Quanto le complessità geo-politiche incidano sulla catena logistica, lo spiega bene Tareq Abu Khaizaran, Managing Director della Zadona Agro-industrial Company, sussidiaria del gruppo Sinokrot, presente al Fruit Logistica. La Palestina esporta ogni anno ben 300 mila tonnellate di prodotti ortofrutticoli. Il Paese però non ha porti per poter imbarcare la merce, e allora si appoggia sui porti israeliani e della Giordania, a seconda se la merce deve andare verso Ovest o verso Est. Ma le restrizioni sono evidenti: la frontiera non è aperta tutto il giorno, e nella settimana possono esserci dei giorni in cui non si passa del tutto, come ad esempio il venerdì. Inoltre, c’è un problema di circolazione dei camion: targa verde quelli palestinesi, targa gialla quelli israeliani. I primi non possono sconfinare nel territorio dei secondi, e viceversa. “Magari l’autista che viene da Israele è arabo, ma non cambia.

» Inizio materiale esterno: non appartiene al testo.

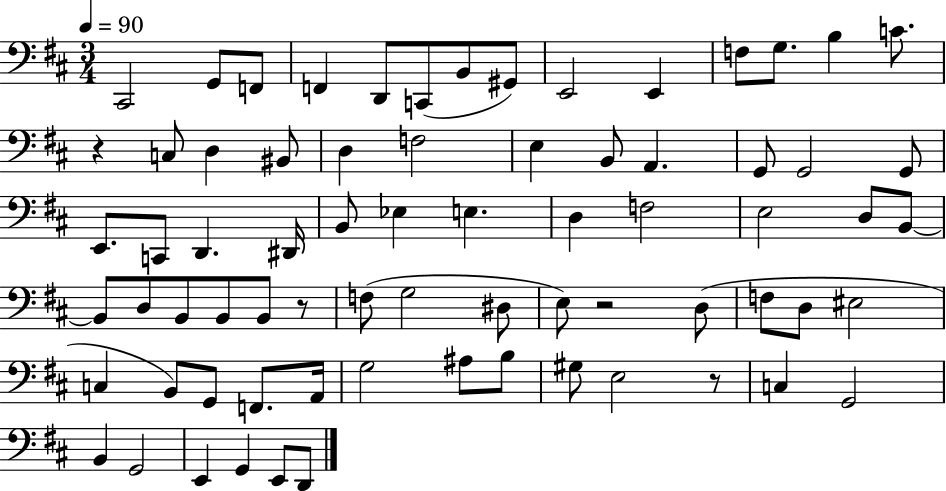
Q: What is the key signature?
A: D major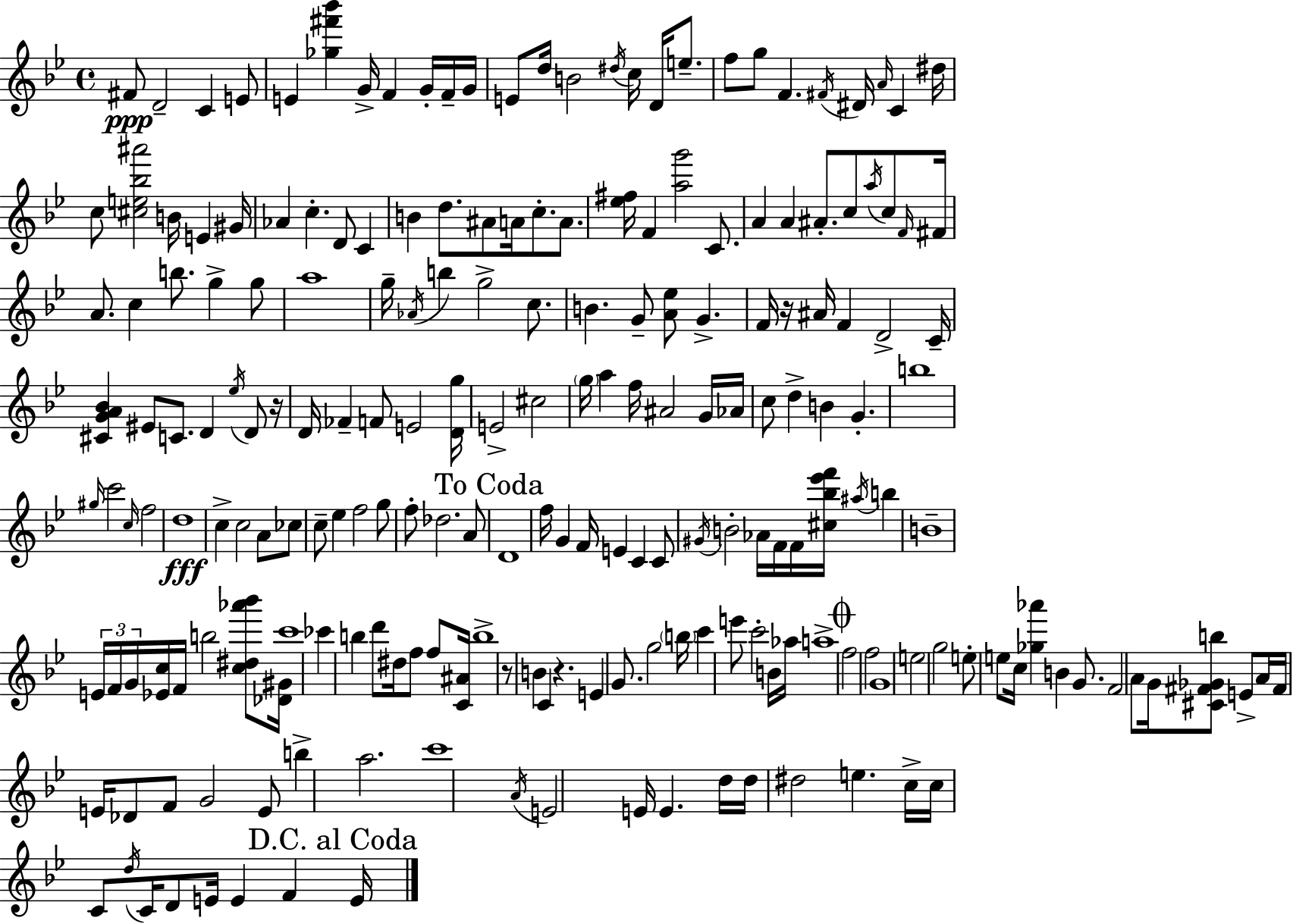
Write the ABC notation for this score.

X:1
T:Untitled
M:4/4
L:1/4
K:Gm
^F/2 D2 C E/2 E [_g^f'_b'] G/4 F G/4 F/4 G/4 E/2 d/4 B2 ^d/4 c/4 D/4 e/2 f/2 g/2 F ^F/4 ^D/4 A/4 C ^d/4 c/2 [^ce_b^a']2 B/4 E ^G/4 _A c D/2 C B d/2 ^A/2 A/4 c/2 A/2 [_e^f]/4 F [ag']2 C/2 A A ^A/2 c/2 a/4 c/2 F/4 ^F/4 A/2 c b/2 g g/2 a4 g/4 _A/4 b g2 c/2 B G/2 [A_e]/2 G F/4 z/4 ^A/4 F D2 C/4 [^CGA_B] ^E/2 C/2 D _e/4 D/2 z/4 D/4 _F F/2 E2 [Dg]/4 E2 ^c2 g/4 a f/4 ^A2 G/4 _A/4 c/2 d B G b4 ^g/4 c'2 c/4 f2 d4 c c2 A/2 _c/2 c/2 _e f2 g/2 f/2 _d2 A/2 D4 f/4 G F/4 E C C/2 ^G/4 B2 _A/4 F/4 F/4 [^c_b_e'f']/4 ^a/4 b B4 E/4 F/4 G/4 [_Ec]/4 F/4 b2 [c^d_a'_b']/2 [_D^G]/4 c'4 _c' b d'/2 ^d/4 f/2 f/2 [C^A]/4 b4 z/2 B C z E G/2 g2 b/4 c' e'/2 c'2 B/4 _a/4 a4 f2 f2 G4 e2 g2 e/2 e/2 c/4 [_g_a'] B G/2 F2 A/2 G/4 [^C^F_Gb]/2 E/2 A/4 ^F/4 E/4 _D/2 F/2 G2 E/2 b a2 c'4 A/4 E2 E/4 E d/4 d/4 ^d2 e c/4 c/4 C/2 d/4 C/4 D/2 E/4 E F E/4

«Se ha il passaporto israeliano, non può comunque entrare»dice Khaizaran. Quindi, niente da fare: alla frontiera la merce deve passare da un camion all’altro, come se fosse un treno che passa dal locomotore di una rete nazionale a quello di un’altra. «Per alcune partite di merce, per fortuna molto ridotte, le cose possono complicarsi ancora un po’ – aggiunge il manager -. Perché quando esportiamo in Europa e Stati Uniti è necessario che i container siano passati allo scanner. Questo raddoppia la procedura, e i tempi si allungano ancora di più, con il rischio che la merce prenda caldo». Tutto questo, in poche decine di chilometri.